A proton traveling at a speed of 5.38 *10^6m/s enter the gap between the plates of a 2.76 cm wide parallel plate capacitor. The surface charge densities on the plate are +/- 8.38 *10^-6 C/m2. How far (in m) has the proton deflected sideways when it reaches the far edge of the capacitor?

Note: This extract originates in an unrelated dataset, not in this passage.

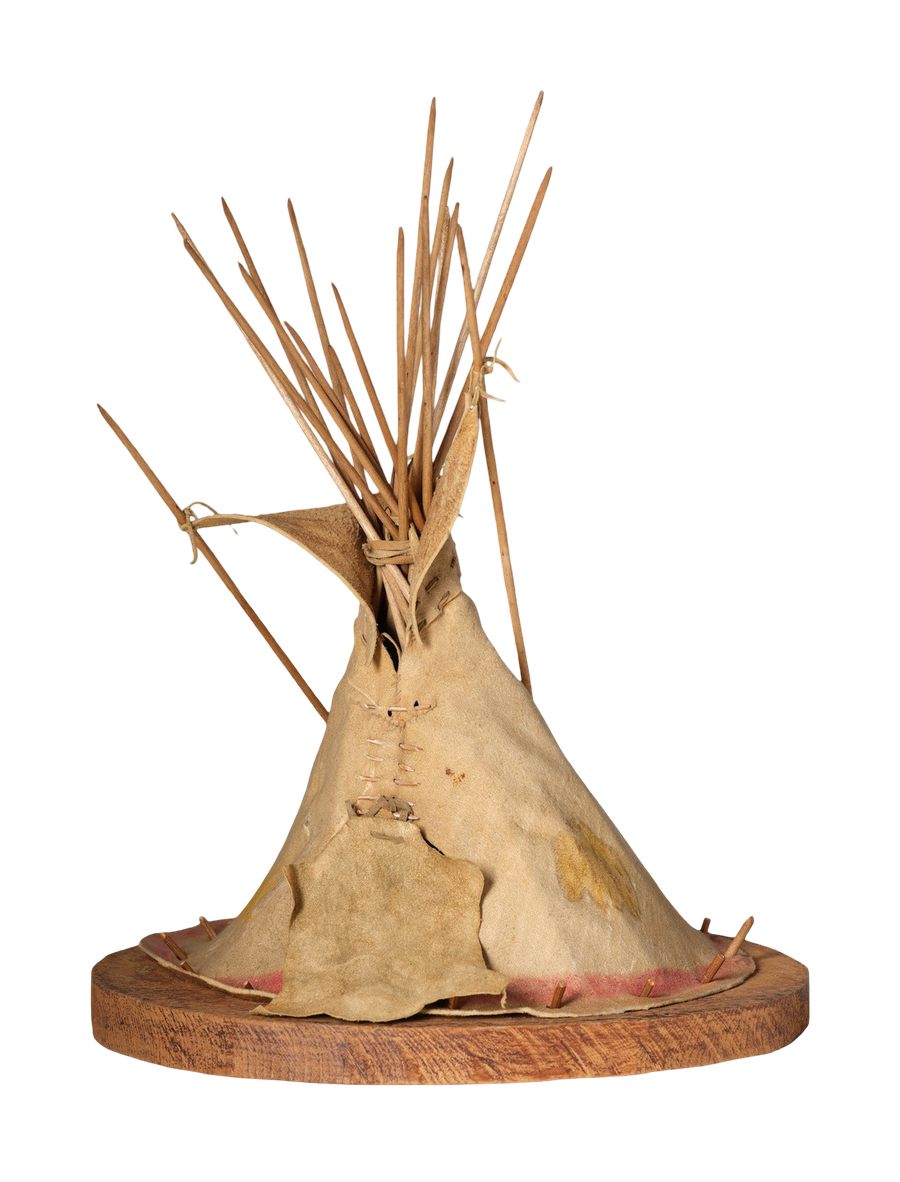 Teepee Encampment by Charles M. Russell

Assume that the electric field is uniform inside the capacitor and zero outside
1 Answer
- Steve4PhysicsLv 71 decade agoFavorite Answer
From Gauss's Law:
Electric field in capacitor = (charge density) / (epsilon_nought)
= 8.38x10^-6 / (8.85x10-12) = 9.47x10^5 N/C
Force on proton = qE = 1.6x10^-19 x 9.47x10^5 = 1.515x10^-13 N
Acceleration of proton = F/m = 1.515x10^-13 / 1.67x10^-27 = 9.07x10^13m/s^2
Time spent passing between plate distance / speed = 0.0276 / 5.38x10^6 = 5.13x10^-9s
Displacement (sideways deflection) = ut + at^2/2 = 0 + (9.07x10^13)x(5.13x10^-9)^2 / 2 = 1.19x10^-3m (= 1.19mm)
Please check my arithmetic as it's a very messy calculation.